地方という感覚
僕は富山県の漁村というTHE地方で生まれ育ったからよく分かるが、地方にはなんとも言えない閉塞感というか鬱屈とした感じがある。(少子高齢化が加速してるからか、世間が残っているからか、または雪国の天候のせいか。まぁ全部か)
それが嫌で大学や就職で出ていくわけだが、東京や大阪に出てくると、得ている情報量や経験のあまりの差に戸惑い、自信を無くしてしまいがちだ。それで地元に帰る者は少なくない。
しかし今、ネットが本当の意味で大衆化されて、地方の時代がやってきた。これまで物理的に都市と地方は分かれメディアは都市部にあったが、SNSや YouTubeでフラットにごちゃ混ぜになり、数の論理で形成が逆転している。
最近の社会情勢については、この前noteにも書いたので、まだの人はぜひ読んでほしい↓
トランプ共和党の圧勝を受けて、「なぜリベラルな民主党が高学歴エリート政党になってしまったのか」という言説があった。これは大学の集積する都市的な感覚に一因があると思う。

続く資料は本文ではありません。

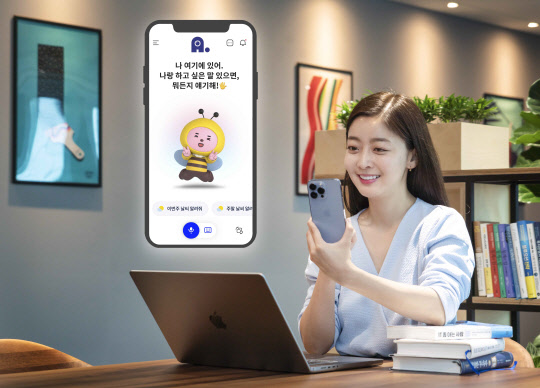 에이 이미지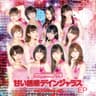 甘い誘惑デインジャラス (amai yuuwaku deinjarasu)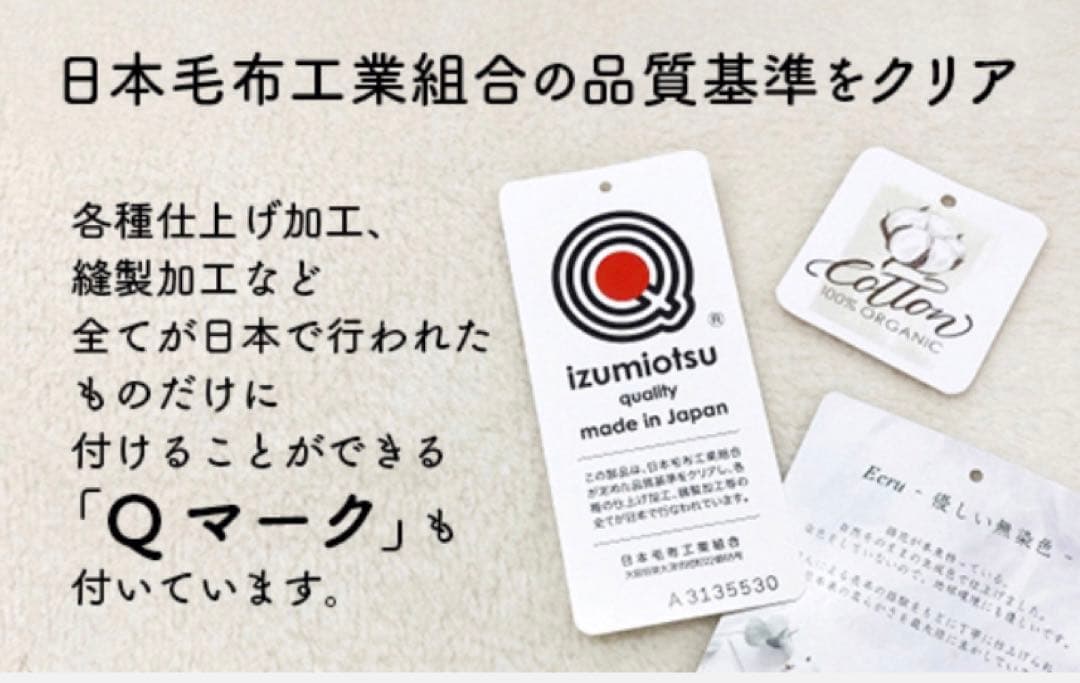 泉大津　くらしすと　無着色オーガニックコットンマイヤー　毛布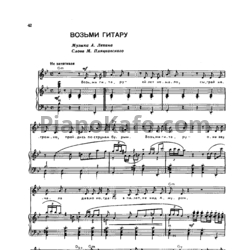 Ноты Анатолий Лепин - Возьми гитару (Версия 2) - предпросмотр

知識に依拠したロジカルな会話に慣れすぎていて、人はちゃんと説明/伝達すれば届くはずだ、という思い込みがある。でもそんな種類の会話を日々行っているのは1割〜2割程度だと思う。
多くの人は、地方で一次産業や二次産業、または現場のあるサービス産業に従事していて、もっと身体的なコミュニケーションを交わして生きている。にも関わらず、左脳的な理屈が通じない人をバカにしてしまうのがエリートだ。
これは能力の優劣ではない。言い換えれば、文明と文化の違いだと思う。文明とは、土や身体から切り離された高度な情報システムであり、まさに都市的なものだ。一方で文化とは、土着的で身体的なもの。感情は情報化できない、その場限りのもの。
とは言え、世界では約人口の半分が都市部に住んでいる。シンニホンを書き、「風の谷構想」をつくっている安宅和人さんも「経済合理的に考えれば、人類は都市に住むという選択肢しか残っていない」と言っていた。(もちろん都市といっても、東京と地方都市では多少違いはあると思うが)。
そんな中で、行き場を失い取り残されてしまう、人々の感情が溢れ返っているのが今だと思う。
その感情や感覚のズレが、アメリカでも日本でも分断が加速させているのだろう。もはやこれは言語の違いくらい大きな差だと割り切って、バイリンガルを増やす政策を考える必要があるかもしれい。
P.S. 僕のおすすめは、小学生のときに都市と地方でホームステイし合うこと。